Hi All -
Just joined this community today Wed 04-Aug-2024. I have received a diagnosis of low-grade prostate cancer, based on the analysis of tissue removed during a procedure to address BPH. My primary question is basically: what is the probability of an MRI scan confirming this assessment ? Or identifying a more problematic status ?
In 2017 (age 62), following a routine annual company medical exam, and a PSA result (approx 4.1) exceeding 4 for the first time, I was referred to a urologist. An mpMRI scan showed an enlarged prostate (55cc), but no suspicious lesions. My urine flow was slow, but the situation was very manageable; in particular I did not have nocturia. So the diagnosis was BPH.
I was advised to monitor my PSA level annually, and request a revisit if/when it reached 7.5. By mid-2023 it had reached 7.2.
In Aug 2023 (age 68) I had an instance of acute urinary retention requiring emergency catheterisation. This was followed by a successful TWOC. In March 2024 I underwent a procedure (Aquablation) to address my BPH. My pre-surgery prostate size was about 85cc, and although the new size is not yet known, by my estimate is in the range of 31 to 34cc. This is based on the consultant's indication that typically approx 60% to 63% of the initial tissue volume is removed.
A flow test and post-void residual test in July 2024 (4 months post-surgery) confirmed that the procedure had, thankfully, successfully addressed the BPH issue, with collateral damage being satisfactorily low.
However per a post-surgery progress check in Apr 2024 advised that "histology demonstrated a small amount (less than 5% of tissue obtained) of Gleason score six adenocarcinoma cancer of the prostate". This was followed by various words of a positive and generally reassuring nature.
I am aware that this outcome is on the bottom rung of the cancer ladder. And I am comfortable with active surveillance being a good treatment path, assuming that the situation (3+3=6) continues to prevail. BTW, I did not receive a copy of the histology report/details itself.
The next planned step is an mpMRI scan (presumably followed by a biopsy if appropriate) and also a PSA test, around the mid Oct.2024.
My understanding is that prostate cancer originates mostly in the peripheral zone, and that BPH surgery focusses on removing tissue from the 'core' (general rather than medical term here) in order to facilitate urine flow. Therefore it seems to me that the current Gleason 3+3 diagnosis is effectively just a 'baseline' rather than a (reasonably) definitive view of the current status. Is that a fair view or I am being overly pessimistic ? Your views and comments are very welcome.
The secondary reason for asking for your view, is that the medical work between Sep 2023 and today has been done privately, at a pretty significant cost, on a self-funded basis, to which there are limits.....
With the BPH issue having now been addressed, and the focus having moving to the cancer issue, it seems to me to be more sensible to move over to the NHS, bearing in mind my many years of income tax and NICs, and the estimated £1.5k cost of the private MRI. I am happy with the outcome of the Aquablation procedure, where my consultant is at the forefront of the field and I am sure that he would be excellent in the cancer area too. but at the same time I have necessarily to be mindful of the financial aspect.
Having had the good fortune to be healthy most of my life so far, I have had very little prior personal contact with either public (ie NHS) or with private medical providers, so it is hard to form a solid view of their overall respective merits, especially for my current situation.
I do actually have an NHS urology appt lined up in early Oct 2024. This was set up by my GP, following the Gleason 3+3=6 diagnosis from my consultant in mid-April.

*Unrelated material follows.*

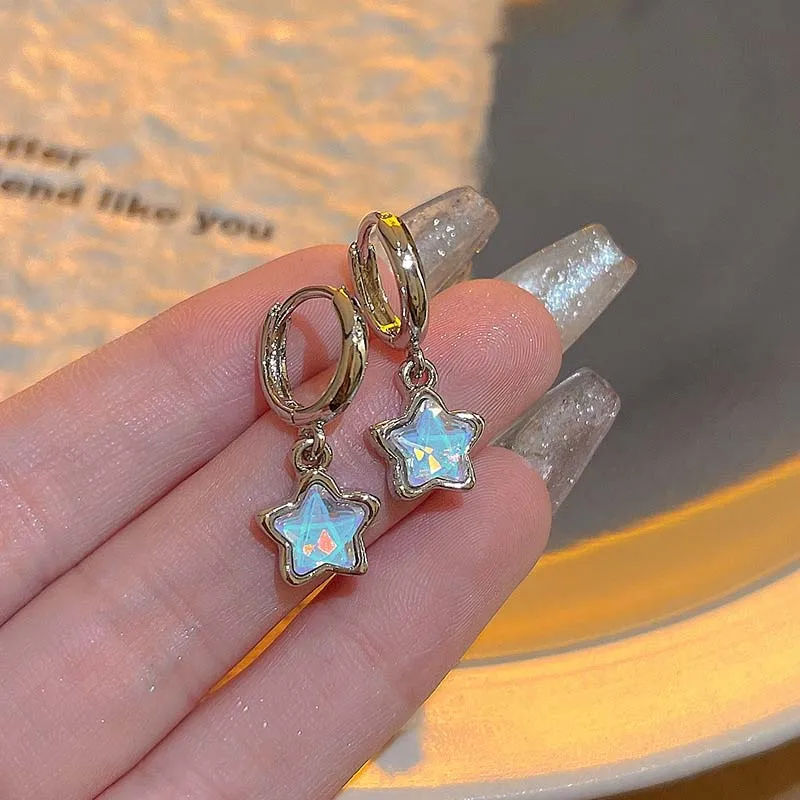 Kpop Y2K Pink Moonlight Stone Star Pendant Earrings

However per my GP, having the histology details is a pre-condition for a meaningful appt with the NHS urologist. Any views on the likely action (eg MRI scan) and timescale following such a urologist appt ?
BTW, I live in South West London, which in the coverage area of St Georges Hospital.
Final general comments:
- Apologies for the long post.
- I am aware that, from my brief reading so far in this forum, many members are in very challenging situations, and that my situation is very moderate in comparison, so any comments that you may have would be gratefully and humbly received.
- I have been very impressed by the high quality of the contributions, and by the high level of mutual support and trust which are so evident here.